> **BRIEF**
In the data below, count every line that holds the string "Street" and reply with the number alone.

> **RECORDS TO USE**
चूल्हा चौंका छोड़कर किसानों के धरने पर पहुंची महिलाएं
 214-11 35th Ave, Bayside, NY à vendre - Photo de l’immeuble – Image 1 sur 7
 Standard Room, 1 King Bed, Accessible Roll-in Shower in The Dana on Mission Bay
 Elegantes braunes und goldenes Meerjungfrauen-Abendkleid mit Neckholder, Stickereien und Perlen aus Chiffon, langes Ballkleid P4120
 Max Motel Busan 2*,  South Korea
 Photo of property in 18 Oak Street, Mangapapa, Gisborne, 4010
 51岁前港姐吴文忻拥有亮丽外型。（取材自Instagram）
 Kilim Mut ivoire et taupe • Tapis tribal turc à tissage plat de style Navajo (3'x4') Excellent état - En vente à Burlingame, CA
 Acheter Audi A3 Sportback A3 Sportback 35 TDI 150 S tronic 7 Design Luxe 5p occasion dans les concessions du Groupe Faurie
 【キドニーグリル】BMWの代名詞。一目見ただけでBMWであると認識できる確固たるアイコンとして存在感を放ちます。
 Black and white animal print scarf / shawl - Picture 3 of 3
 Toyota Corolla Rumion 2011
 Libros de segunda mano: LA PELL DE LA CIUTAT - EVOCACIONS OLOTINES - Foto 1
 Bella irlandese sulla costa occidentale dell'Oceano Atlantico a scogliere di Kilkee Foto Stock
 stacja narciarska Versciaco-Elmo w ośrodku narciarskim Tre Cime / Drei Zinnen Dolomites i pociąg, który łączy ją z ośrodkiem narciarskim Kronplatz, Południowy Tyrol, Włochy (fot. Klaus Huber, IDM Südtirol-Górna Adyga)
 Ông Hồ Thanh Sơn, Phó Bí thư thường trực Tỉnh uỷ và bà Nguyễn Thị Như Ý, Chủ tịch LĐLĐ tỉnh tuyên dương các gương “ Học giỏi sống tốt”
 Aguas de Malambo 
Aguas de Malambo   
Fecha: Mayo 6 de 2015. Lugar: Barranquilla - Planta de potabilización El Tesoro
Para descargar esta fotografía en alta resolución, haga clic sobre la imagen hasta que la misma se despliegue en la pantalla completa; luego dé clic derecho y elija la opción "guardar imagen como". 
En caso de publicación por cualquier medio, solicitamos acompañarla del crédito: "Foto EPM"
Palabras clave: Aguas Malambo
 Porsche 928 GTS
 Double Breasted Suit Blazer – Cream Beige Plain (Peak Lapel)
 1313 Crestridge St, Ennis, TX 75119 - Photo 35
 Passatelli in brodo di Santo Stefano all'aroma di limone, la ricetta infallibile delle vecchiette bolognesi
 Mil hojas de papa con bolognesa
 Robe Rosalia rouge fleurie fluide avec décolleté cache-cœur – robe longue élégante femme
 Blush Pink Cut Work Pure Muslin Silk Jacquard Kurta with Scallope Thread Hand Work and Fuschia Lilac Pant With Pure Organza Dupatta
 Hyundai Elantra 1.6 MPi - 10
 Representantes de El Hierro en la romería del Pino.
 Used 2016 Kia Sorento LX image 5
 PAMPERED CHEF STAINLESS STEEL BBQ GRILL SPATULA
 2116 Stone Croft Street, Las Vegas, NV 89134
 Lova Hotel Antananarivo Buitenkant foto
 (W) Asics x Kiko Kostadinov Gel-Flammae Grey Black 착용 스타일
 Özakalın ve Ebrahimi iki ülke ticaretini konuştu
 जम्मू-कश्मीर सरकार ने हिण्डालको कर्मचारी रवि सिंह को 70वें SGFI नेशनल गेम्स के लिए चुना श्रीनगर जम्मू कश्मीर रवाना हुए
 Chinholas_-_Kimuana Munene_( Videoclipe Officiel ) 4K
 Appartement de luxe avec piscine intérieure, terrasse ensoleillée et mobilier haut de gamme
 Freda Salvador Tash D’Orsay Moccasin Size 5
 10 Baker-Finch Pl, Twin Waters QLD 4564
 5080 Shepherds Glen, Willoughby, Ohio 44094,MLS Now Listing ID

> **WRITTEN REPLY**
2